In a democracy, elected officials are accountable to the public they govern. Exactly how that accountability works is complicated, with checks and balances, partisanship, the media, and good old-fashioned bureaucracy all playing roles. Of late, another wrinkle has emerged: The president-elect, Donald Trump, has a habit of attacking the free press, one of the institutions that makes that accountability possible.
But accountability itself is a tricky thing. People react to being held accountable in different ways in different situations. One would think that having to answer to someone for your actions or your decisions would make you think more carefully about whether you’re doing the right thing. And according to research done by Philip Tetlock, a professor of psychology and political science at the University of Pennsylvania, it sometimes does make people engage in more “exploratory thought” before making a decision. But sometimes it doesn’t. Sometimes it just inspires people to defend more stridently what they already believe. Sometimes it motivates people to conform with the views of the audience to which they are accountable.
I spoke with Tetlock about when being held accountable leads people to make more careful decisions and when it doesn’t, and what lessons this suggests for the public’s ability to hold government accountable. A lightly edited and condensed transcript of our conversation is below.
Julie Beck: What are the conditions where being held accountable makes people consider other points of view, and when does it not really change how people make decisions?
Philip Tetlock: It virtually always influences how people make decisions, but it’s not always good. Accountability is a multidimensional concept. It refers to who must answer to whom for what under what ground rules. It’s not a single independent variable, to use the terminology of social science. So it’s not all that surprising that it has many different effects. In our work we found that only quite specialized, carefully crafted forms of accountability induce people to think more self-critically and make them more resistant to cognitive biases. Most forms of accountability do not have beneficial effects on judgment and choice.
Engineering forms of accountability that help requires a degree of patience. People need to believe that they’re going to be answerable to an audience whom they respect, and they need to feel accountable to an audience with unknown views. They also need to feel that they’re not under pressure to justify what they’ve previously said or done. That’s a form of accountability that induces a relatively unnatural cognitive act, which is preemptive self criticism—to think of possible ways in which you might be wrong before other people do it for you.

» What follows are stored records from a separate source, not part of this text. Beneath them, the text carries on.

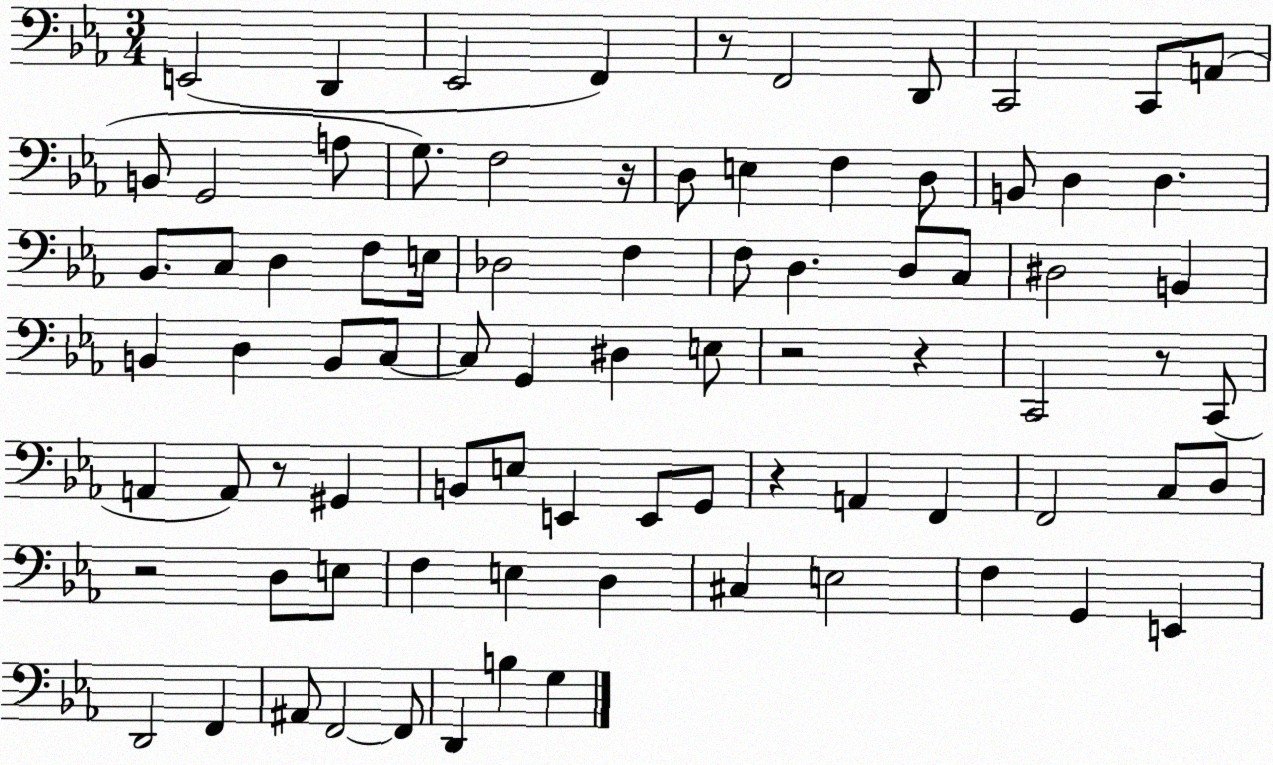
X:1
T:Untitled
M:3/4
L:1/4
K:Eb
E,,2 D,, _E,,2 F,, z/2 F,,2 D,,/2 C,,2 C,,/2 A,,/2 B,,/2 G,,2 A,/2 G,/2 F,2 z/4 D,/2 E, F, D,/2 B,,/2 D, D, _B,,/2 C,/2 D, F,/2 E,/4 _D,2 F, F,/2 D, D,/2 C,/2 ^D,2 B,, B,, D, B,,/2 C,/2 C,/2 G,, ^D, E,/2 z2 z C,,2 z/2 C,,/2 A,, A,,/2 z/2 ^G,, B,,/2 E,/2 E,, E,,/2 G,,/2 z A,, F,, F,,2 C,/2 D,/2 z2 D,/2 E,/2 F, E, D, ^C, E,2 F, G,, E,, D,,2 F,, ^A,,/2 F,,2 F,,/2 D,, B, G,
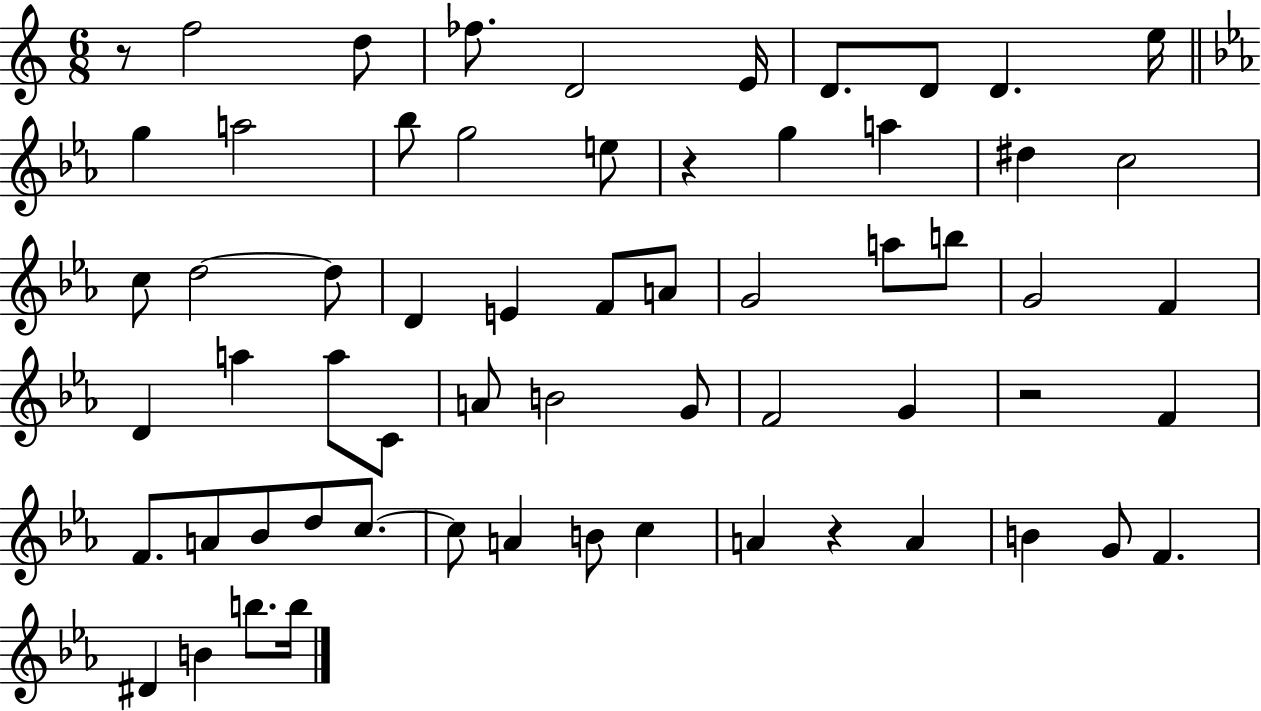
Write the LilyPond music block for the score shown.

{
  \clef treble
  \numericTimeSignature
  \time 6/8
  \key c \major
  \repeat volta 2 { r8 f''2 d''8 | fes''8. d'2 e'16 | d'8. d'8 d'4. e''16 | \bar "||" \break \key c \minor g''4 a''2 | bes''8 g''2 e''8 | r4 g''4 a''4 | dis''4 c''2 | \break c''8 d''2~~ d''8 | d'4 e'4 f'8 a'8 | g'2 a''8 b''8 | g'2 f'4 | \break d'4 a''4 a''8 c'8 | a'8 b'2 g'8 | f'2 g'4 | r2 f'4 | \break f'8. a'8 bes'8 d''8 c''8.~~ | c''8 a'4 b'8 c''4 | a'4 r4 a'4 | b'4 g'8 f'4. | \break dis'4 b'4 b''8. b''16 | } \bar "|."
}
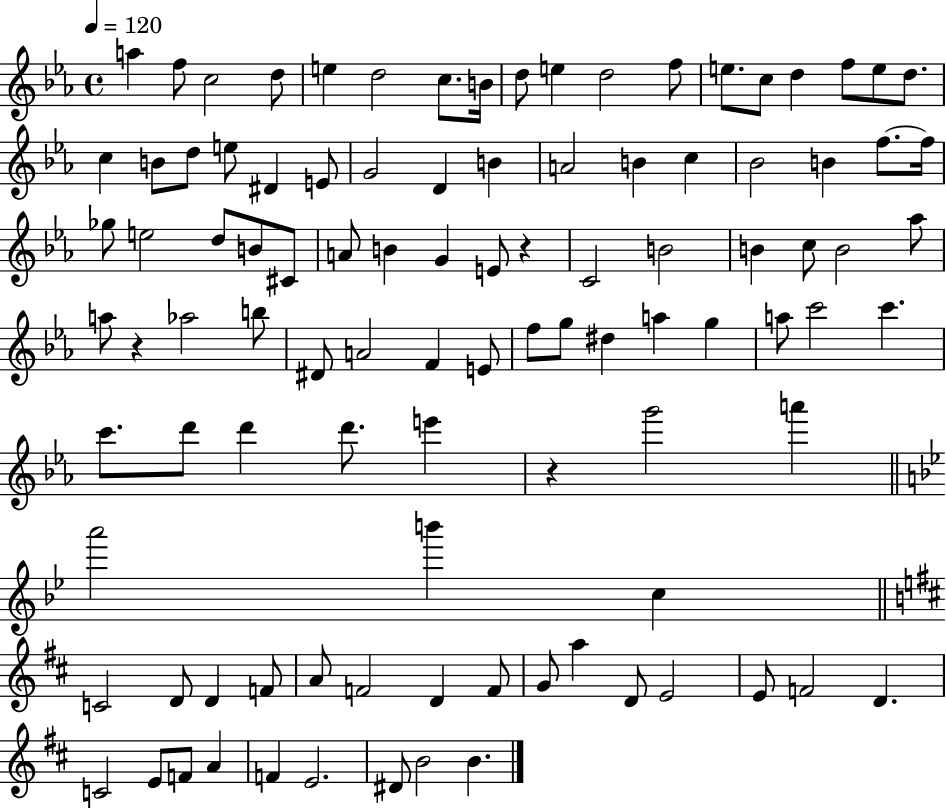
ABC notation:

X:1
T:Untitled
M:4/4
L:1/4
K:Eb
a f/2 c2 d/2 e d2 c/2 B/4 d/2 e d2 f/2 e/2 c/2 d f/2 e/2 d/2 c B/2 d/2 e/2 ^D E/2 G2 D B A2 B c _B2 B f/2 f/4 _g/2 e2 d/2 B/2 ^C/2 A/2 B G E/2 z C2 B2 B c/2 B2 _a/2 a/2 z _a2 b/2 ^D/2 A2 F E/2 f/2 g/2 ^d a g a/2 c'2 c' c'/2 d'/2 d' d'/2 e' z g'2 a' a'2 b' c C2 D/2 D F/2 A/2 F2 D F/2 G/2 a D/2 E2 E/2 F2 D C2 E/2 F/2 A F E2 ^D/2 B2 B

Beck: When can holding people accountable can have bad effects?
Tetlock: One obvious one is when people cope with accountability simply by subordinating their judgment to others. Conformity and obedience, Solomon Asch and Stanley Milgram and all that sort of thing. We call that strategic attitude shifting. That makes it sound a little more conscious than it sometimes is—sometimes people just move their attitudes totally unconsciously toward what they think is the social center of gravity. But sometimes they move quite deliberately. What we call elastic-band shifts are when people move to where the audience is, but when the audience disappears they snap back.

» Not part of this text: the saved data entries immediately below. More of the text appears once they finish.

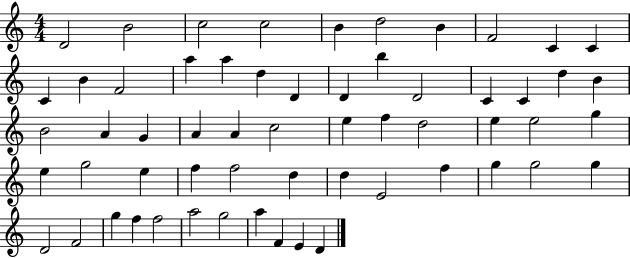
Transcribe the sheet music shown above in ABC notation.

X:1
T:Untitled
M:4/4
L:1/4
K:C
D2 B2 c2 c2 B d2 B F2 C C C B F2 a a d D D b D2 C C d B B2 A G A A c2 e f d2 e e2 g e g2 e f f2 d d E2 f g g2 g D2 F2 g f f2 a2 g2 a F E D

Perhaps the coping response to accountability that people regard as more perverse is actually rooted in the old cognitive-dissonance literature. It’s the idea that when you’re accountable for something you can’t change—you’ve said something or done something, and you can’t undo it, and you’re being held accountable for it—most of your cognitive effort goes into generating reasons why you’re right and your critics are wrong. That’s sometimes called post-decisional bolstering. And it makes people more extreme and more rigid.
It’s almost the opposite of what I call preemptive self-criticism. Preemptive self-criticism is where you de-center, you become less egocentric in your thinking, you try to anticipate grounds reasonable people might have for objecting. Whereas post-decisional bolstering is where you really hunker down and raise the defenses.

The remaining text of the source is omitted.